Global Pipeline Configuration
Global parameter settings¶
-
tempdir
: Temporary directory for storing files that are used to collect intermediate files. -
summary
: If true a summary folder is created storing results of all samples combined. -
output
: Output directory for storing pipeline results. If an S3 bucket is specified with the corresponding S3 credentials (See S3 configuration section) then the output is written to S3. -
runid
: The run ID will be part of the output path and allows to distinguish between different pipeline configurations that were used for the same dataset. -
logDir
: A path to a directory which is used to store log files. -
scratch
: The scratch value can be eitherfalse
or a path on a worker node. If a path is set, then the nextflow process inslurm
mode is executed on the provided path. If the standard mode is used, then the parameter is ignored. -
steps
: Steps allows to specify multiple pipeline modules for running the toolkit. We distinguish between two modes. You can either run one tool of the pipeline or the whole pipeline with different configurations. -
databases
: This parameter specifies a place where files are downloaded to. If theslurm
profile is used and databases should be downloaded, the path should point to a folder which is not shared between the worker nodes (to reduce I/O on the shared folder resulting in a better performance). If this parameter is provided, the toolkit will create the specified directory.

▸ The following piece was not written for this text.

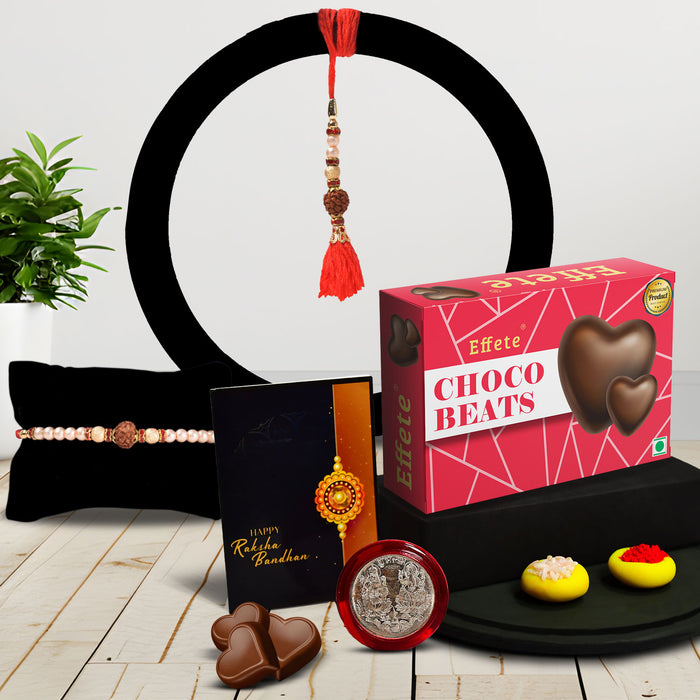 Bright Rakhi With Colorful Beads And A Shiny Center With Effete Choco Beats Chocolate 32Gm ,Silver Color Pooja Coin, Roli Chawal & Greeting Card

If all your databases have already been extracted beforehand, you can simply omit this parameter. -
publishDirMode
: (optional) Per default results are symlinked to the chosenoutput
directory. This default mode can be changed with this parameter. A useful mode is "copy", to copy results instead of just linking them. Other modes to choose from here. -
skipVersionCheck
: The toolkit is regurarly tested against a set of Nextflow versions. Setting the--skipVersionCheck
allows you to use the toolkit with Nextflow versions that were not tested. -
s3SignIn
: If your input data (not the databases) is not publicly accessible via S3, then you will have to set thes3SignIn
parameter totrue
.
S3 Configuration¶
All module inputs and outputs can be used in conjunction with S3. If you want to set a custom S3 configuration setting (i.e. custom S3 endpoint), you will have to modify the aws client parameters with " -c ".
Example:
aws {
client {
s3PathStyleAccess = true
connectionTimeout = 120000
maxParallelTransfers = 28
maxErrorRetry = 10
protocol = 'HTTPS'
connectionTimeout = '2000'
endpoint = 'https://openstack.cebitec.uni-bielefeld.de:8080'
signerOverride = 'AWSS3V4SignerType'
}
}
In addition you will have to set a Nextflow Secret with the following keys:
nextflow secrets set S3_ACCESS xxxxxxxxx
nextflow secrets set S3_SECRET xxxxxxxxx
S3_ACCESS
corresponds to the aws S3 access key id and S3_SECRET
is the aws S3 secret key.
If your input data (not the databases) is publicly available then you have to set s3SignIn:
to false
in your config file.
Please note that for using databases you have to set additional credentials (see database section).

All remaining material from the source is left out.